Mary Agnes Wilderotter
Yes. I would also add, David, that when we look at these promotions, they are success-based. And so the amount of money that we'll actually spend will really be determined on how successful we are in growing share. We've also focused this promotion on win-backs. We're going after customers in the marketplace that have broadband but don't have it with us today. So we're not doing sort of the total air-cover approach to promotions that you would see normally with a big rollout nationwide of other people's products and services, so we are really being segmented oriented in terms of how we're positioning this to the customers. So it's really about growing market share on broadband. David W. Barden - BofA Merrill Lynch, Research Division: And if I could just ask one quick follow-up. Historically, these promotions, I think, have been more focused, as you said, on more of a peanut butter spread satellite bundle, for instance, mostly consumer focused. This one seems a little bit more business focused. Could you talk about kind of the expectations about where that -- where we should expect to see the rewards in the numbers as a result of the promotions?
Mary Agnes Wilderotter
Well, one of the beauties of the Apple promotion is Apple has a series of products that are coveted by residential customers and business customers. So the simplification of being able to offer the same type of promotion for both the small business space as well as the residential space is -- was important for us. And if you keep in mind, a lot of our customers on the small business side are either 1 or 2 person locations or even in their home businesses. So there is a lot of appeal for this product set to that marketplace. Daniel J. McCarthy: Yes. David, and I would just say that our target really is a double play customer. So somebody taking a voice package and a high speed, as well as a triple play. So we're looking for a nice pickup in both categories, as well as a target on the small business customers, where we've had some losses recently to cable competitor.
Operator
We'll go next to Kevin Smithen with Macquarie. Kevin Smithen - Macquarie Research: I wonder if you could talk about the sensitivity of broadband net adds to price hikes. You had pretty nice price hikes in Q2, which benefited ARPU. I think you talked about SME price hikes in October. How do you balance the trade-off between customer acquisitions and pricing? And which of the 2 is more important to you going forward?
Mary Agnes Wilderotter
Well, Kevin, I'll start, and I know, Don, you can jump in on this, too. But the way we look at it is we don't do price hikes across the board. We look at markets. We look at the competitive environment. We look at the product sets in those markets, the protection on pricing with our Price Protection Plan. So there -- you don't necessarily see us do price increases on broadband across the board. We also believe that the price increases should be associated with increased value to the customer, too. So in some cases, it's incremental speeds and capability. In some cases, it's a bundled promotion, like we're doing on the Apple side. In some cases, it's about Frontier Secure and making sure that product set is bundled in, so the customer gets more value. So there's a lot of moving parts that we look at. We do believe that acquisition is important.
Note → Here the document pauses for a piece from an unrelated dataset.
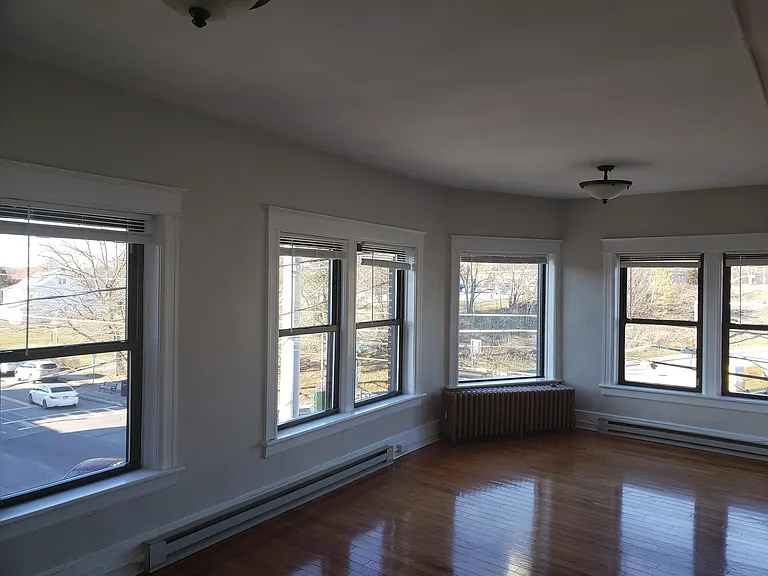 2 Raymond Ave — Photo 6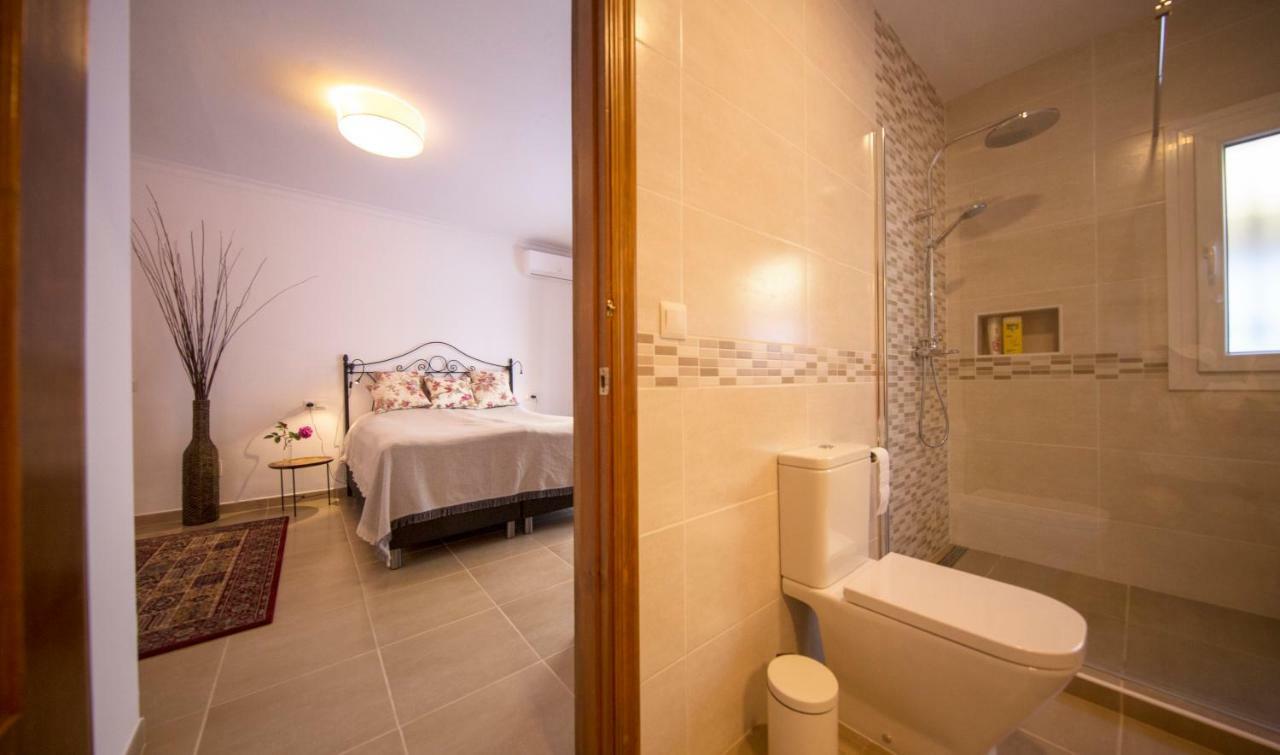 Casa-B Bed & Breakfast, Adults Recommended Cómpeta Екстериор снимка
We do believe that our pricing for broadband is very competitive in the marketplace. And where our cable competitors have sort of gone the opposite way of us, to start to nickel and dime the customer, with charges for modems and charges for this and charges for that as hidden fees. We've gone the other way and done all-in pricing. So when a customer gets a quote of $39.99 for broadband, it includes the modem, it includes surcharges, it includes everything. So they're not surprised when they get their bill. And we think that's a huge value selling point for our product set. So with that, I'd like to thank everybody for joining us for this Q3 call. We appreciate you taking the time. I think, as we said over and over again, we're really pleased with the revenue lift that we've been getting and also the customer metrics for this quarter, and we plan on continuing to drive that into the fourth quarter. So we look forward to talking with all of you in February. Take care.
Operator
Thank you for your participation. That does conclude today's conference.